Style, Wit Make Good 'Sense'

"Sense and Sensibility," perhaps the most acclaimed movie to reach Moscow since "Schindler's List" in 1994, arrives freighted with dangerous expectations: seven Academy Award nominations, a big-name cast, a much-lauded director -- and of course, the greatness of Jane Austen looming over the entire enterprise.


And with that kind of hype, it would not take much, just a missed step or two, for the movie to disappoint hugely.


What's more, the filmmakers -- director Ang Lee and screenwriter Emma Thompson -- compound the risk by not wrenching the movie into a more easily palatable modern style. Instead they adapt themselves to the pace of a story written 201 years ago, depicting modes of thought, feeling and behavior that might prove alien or incomprehensible to much of their audience. They have opted to ground the film in the particularities of the novel's time and place, letting the elements of "our common humanity" emerge from the thick matrix of manners, habits, objects, assumptions, sights and sounds of Austen's richly imagined world.


With all this in play, it is a delight to report that "Sense and Sensibility" carries off its risky propositions handsomely, and provides two hours of fascinating and moving entertainment. If it is just the slightest bit too self-conscious, too obviously earnest in trying to achieve that illusion of ease that accompanies greatness, this can hardly be counted a demerit. It stands so far above the common run of movie fare that questions of "rank" are beside the point. It's good, as few things are, and that's good enough.


The movie deals, obviously, with the conflict between "sense" and "sensibility," or in more modern usage, between "reason" and "emotion." The story revolves around two sisters, Elinor (Thompson) and Marianne (Kate Winslet), opposites who must move from these two poles toward a more harmonious balance of the mind and the heart.
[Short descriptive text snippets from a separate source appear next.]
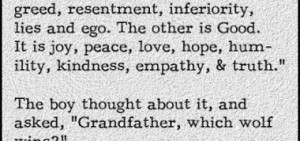... , benevolence, empathy, generosity, truth, compassion, and faith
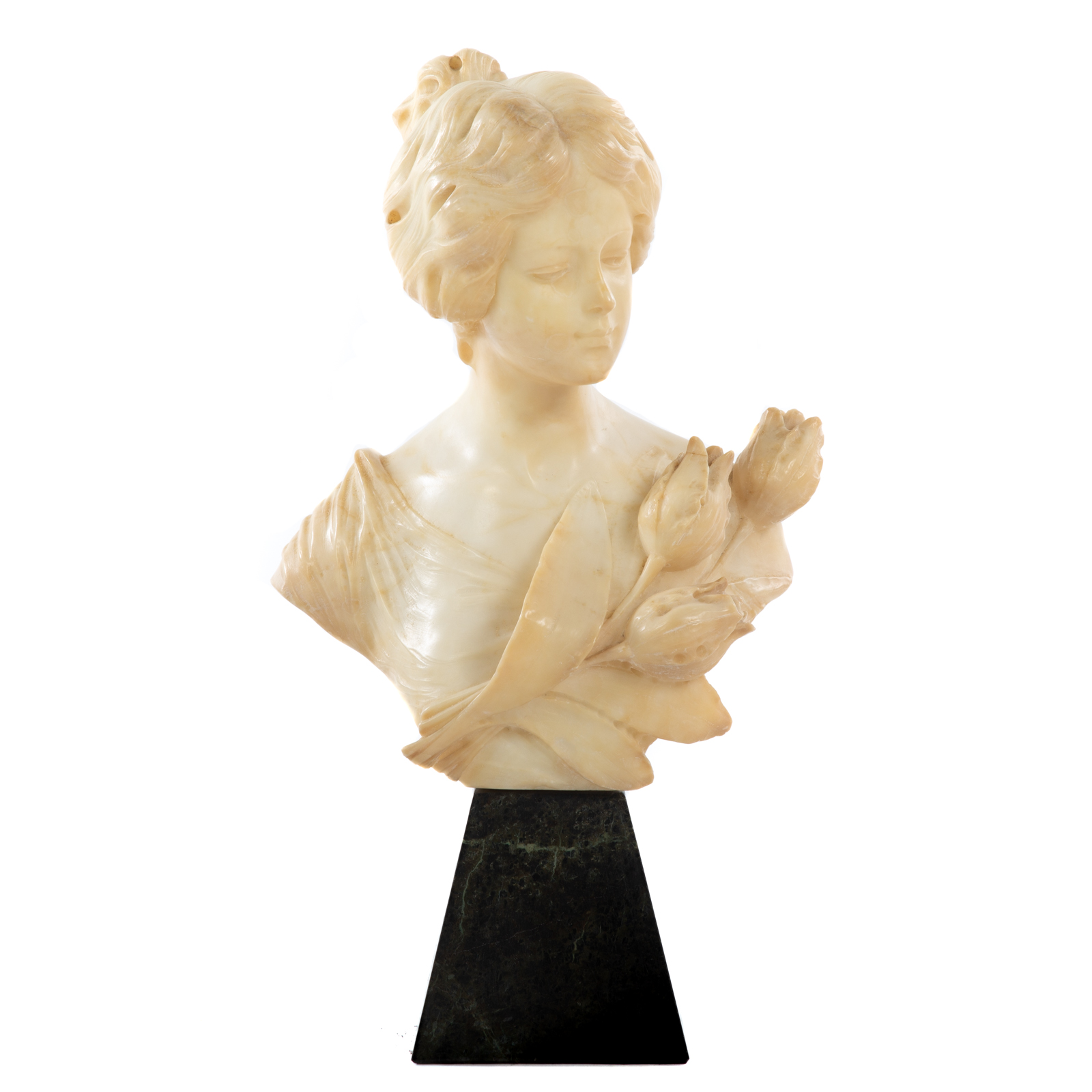 GRANDE TOUR CARVED ALABASTER BUST 2ea172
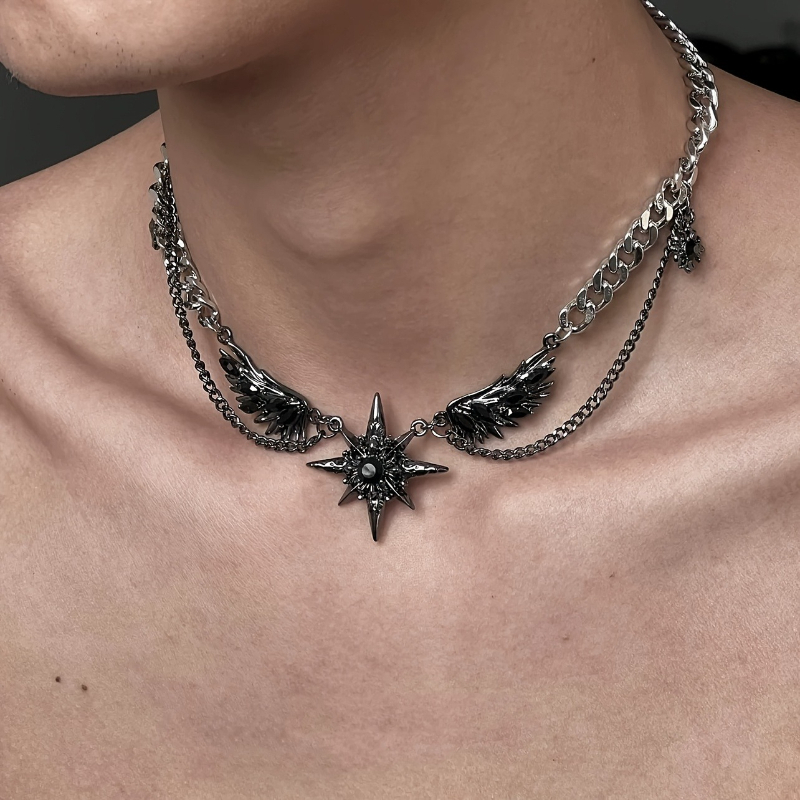 Men Accessories Singapore - Novo Colar Gótico Estilo Escuro com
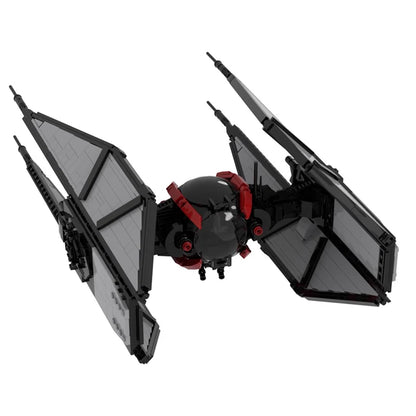 MOC Space Wars Weapon Imperial TIE Fighter Bomber Spaceship Sets Building Blocks Kid Toys Boys Christmas Gift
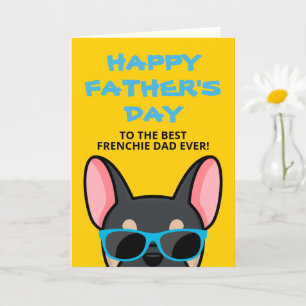 Frenchie Father's Day Schwarz Tan Französische Bul Karte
Their situation is complicated by the male-skewed inheritance laws of the day: Upon the death of their father, they lose their family home, live in genteel poverty, and find that all questions of love and marriage are inextricably bound up with matters of money.


The passionate Marianne is, quite literally, swept off her feet by the dashing Willoughby (Greg Wise), a poetry-spouting romantic given to grand gestures and scandalously public displays of affection, while the more reserved Elinor conceives a passion for Edward (Hugh Grant), a shy, halting suitor whose temperament matches her own. Both men bear secrets from their past, however, in which money and honor (or the lack of it) play important parts. Anyone who has read even one Austen novel knows how the story will end -- in the universal concord represented by happy marriage -- but how this will work out, and who it will work out with, depend on several intriguing and unexpected plot twists that keep the audience entranced.


Thompson has been nominated as Best Actress for her work here, and it is hard to imagine anyone turning in a better performance. She has also been nominated for her screenplay, and deservedly so. But the level of acting is almost uniform throughout the cast. Alan Rickman, as the steadfast Colonel Brandon, is especially fine; if the rest of the cast were not so good, he could have stolen this picture as he once walked away with Kevin Costner's "Robin Hood." Winslet, nominated for Best Supporting Actress, shows great control in a role that could have easily been overplayed, and the supporting cast, portraying the typical Austen menagerie of all-too-human types (hypocrites, dullards, worrywarts, gossips) are delightful in every respect. Only Hugh Grant's performance seems slightly out of kilter. It's true that gentle-souled Edward is supposed to be shy, but Grant's hunched-over manner and embarrassed mumbling at times seem more appropriate to a character who had, say, just been arrested for having sex on a street corner, and not an aspiring country parson.


Ang Lee, the Taiwanese director most famous for "The Wedding Banquet," brings a remarkable visual style to the film, a subtle sensuality that at first seems at odds with Austen's astringent prose but in the end creates a full, rich world of its own. Although he was inexplicably left off the Oscar list, he and his co-creators have fashioned a remarkable piece of work, well worth the risk of a few dollars.